Martina Lantin

Artist Statement

I find earthenware the most seductive clay body. Using this chocolate porcelain, I seek to evoke nostalgia of the future by making work that is a reverberation of the past. Objects and installations are rooted in concepts generated through the analysis of early European porcelains and English cream ware. I provoke a tension between the elegant handling of the material and the rugged connotations of the clay body.

This duality extends into the object; manifesting in the dual roles of utility and decoration, simultaneously serving as containers of social and cultural information. I am particularly drawn to the semiotics of things – the message they may contain by visual inference and juxtaposition. Creation is a unity of cognition and action. It is a continual process of call and response. I ask questions that consistently inform the next series of work. Inquiry stems from and is propelled by my interactions with the material, imagery, historical research, my past work and future ideas.

As a maker, I have the capacity to exploit the variables of surface and scale to instigate a particular experience.
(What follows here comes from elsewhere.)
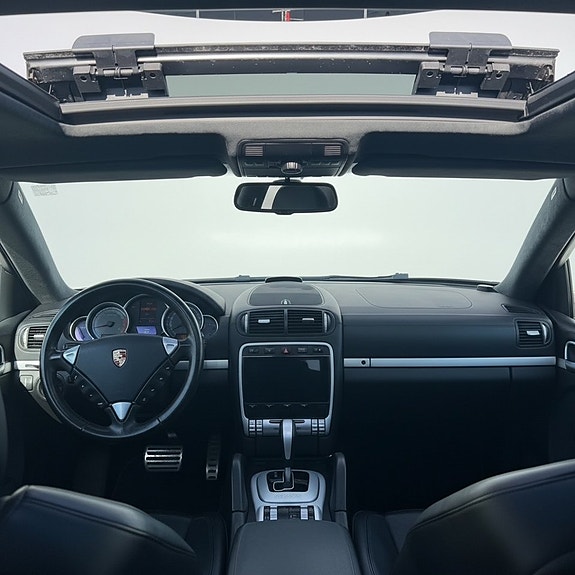 Porsche Cayenne GTS 7 of 12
Convivial and quotidian forms combine to play games with lines and colours. The work teases the boundary between awkward and sophisticated. Strategies of ornament are developed to engage and enhance the piece. Over time, through handling and contemplation, the subtle layers of colour and surface are revealed, reveling in accumulated narrative.

Bio

Born in Montreal, Canada, Martina Lantin received her Bachelor of Art from Earlham College (1996) and her Master of Fine Art from NSCAD University (2009). She has completed residencies at Baltimore Clayworks and Arrowmont School of Art and Craft, and the Watershed Center for Ceramic Arts and taught workshops throughout the United States. Currently, Martina teaches at the Alberta College of Art and Design.

Selected as an Emerging Artist by Ceramics Monthly her work has been recognized in numerous juried and invitational exhibitions. Martina has also published articles in both Studio Potter and Pottery Making Illustrated and was the subject of a feature article in Ceramics Monthly in February, 2014.

Committed to the joys of working in earthenware, Martina creates functional ceramics through thrown and altered forms. The thin layer of white slip serves to accentuate the construction methods and to invite an exploration of the making process.